|Stormwater Drainage and Land Reclamation for Urban Development (HABITAT, 1991, 94 p.)|
The potential socioeconomic benefits of urban stormwater drainage are huge: improved health and quality of life in existing low-income human settlements, and the availability of additional usable urban land reclaimed by drainage projects which can be used for human settlements or industry and commerce. Properly designed and maintained stormwater drainage projects almost always increase substantially land values.
This report has been prepared in response to the increasing need for those involved in urban land use and management to develop efficient and cost-effective urban stormwater drainage programmes. It focuses specifically on the socioeconomic and engineering factors involved in such programmes, with special emphasis on appropriate strategies for proper operation and maintenance, as well as providing sound advice on planning and design. Operation and maintenance of stormwater drainage projects has all too often been neglected in the past - frequently it has been done only in response to emergency situations: this is both costly and inefficient. Detailed engineering advice is given in the annex to the report; this is basically a stormwater design manual.

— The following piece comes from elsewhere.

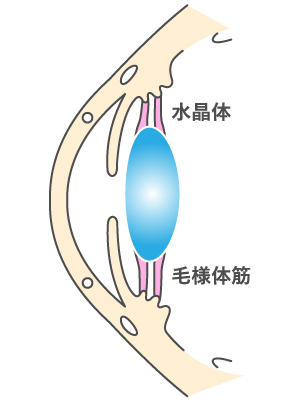 遠くをみているとき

The very rapid increase in urbanization that is currently occurring in developing countries is an irreversible fact of life facing urban planners and city engineers. The demand for urban land is correspondingly enormous and I am confident that this publication will be invaluable to those professionals involved in urban land management and urban stormwater drainage. These two disciplines together have the ability to regenerate vast areas of land in developing country cities, land that is currently unable to be fully utilized due to inadequate or non-existent stormwater drainage. I hope therefore that this report will serve as a useful starting point in increasing awareness of the need for appropriate strategies for urban stormwater drainage, so that the supply of usable urban land increases.
I gratefully acknowledge the contribution of Mr John Macklin in providing specific inputs to UNCHS (Habitat)'s present research efforts leading to the completion of this report.